Magneto-Rheological Material

Modelling and experimental evaluation of a variable stiffness MR suspension with self-powering capability

Overview: We design a semi-active vehicle suspension with a stiffness variable self-powered MR damper, which can vary the stiffness of the suspension. In order to convert the mechanical vibration into the electric power to support the MR damper, the energy harvesting structure coupled a ball-screw bearing with a rotary generator. The working principle and the mathematic model are presented.

After the prototype of the suspension, experimental tests were conducted to evaluate its stiffness variable feature and self-powered generation capability using a hydraulic INSTRON test system.

The testing results show that the self-powered generation component can produce electric power, which is sufficient to vary the stiffness of the suspension under the rectified-supply mode, but not effective to change the stiffness of the suspension under the direct-supply mode.

Finally, by employing the quarter-car test system, several tests of the suspension were conducted to investigate the feasibility of the control strategy of the Short Time Fourier Transmission (STFT). If the main frequency of road excitation exceeded or decreased to a threshold value, the rectified-supply mode of self-powered would be switched off or applied to vary the stiffness of the suspension to keep the relatively low transmission and avoid the system resonance.

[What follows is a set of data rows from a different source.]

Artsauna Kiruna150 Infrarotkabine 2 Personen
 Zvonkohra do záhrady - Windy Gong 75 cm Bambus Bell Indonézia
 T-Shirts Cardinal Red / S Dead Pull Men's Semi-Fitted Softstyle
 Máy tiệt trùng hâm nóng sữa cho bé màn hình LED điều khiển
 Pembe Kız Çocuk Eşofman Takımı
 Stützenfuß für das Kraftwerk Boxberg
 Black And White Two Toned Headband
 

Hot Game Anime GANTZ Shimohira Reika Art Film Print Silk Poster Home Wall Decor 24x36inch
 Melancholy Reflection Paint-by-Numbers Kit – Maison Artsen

The result illustrates that STFT control with self-powered energy, compared with the passive system, is feasible and effective to reduce 16.8% acceleration RMS and 21.4% displacement RMS.

References

• Zhu, X., Ning, D., Hao, Z., Huang, H., Sun, Y.Z., Jia, H., Sun, S., Yan, T. and Li, W., 2021. Modelling and experimental evaluation of a variable stiffness MR suspension with self-powering capability. Journal of Intelligent Material Systems and Structures, 32(13), pp.1473-1483. (Article link)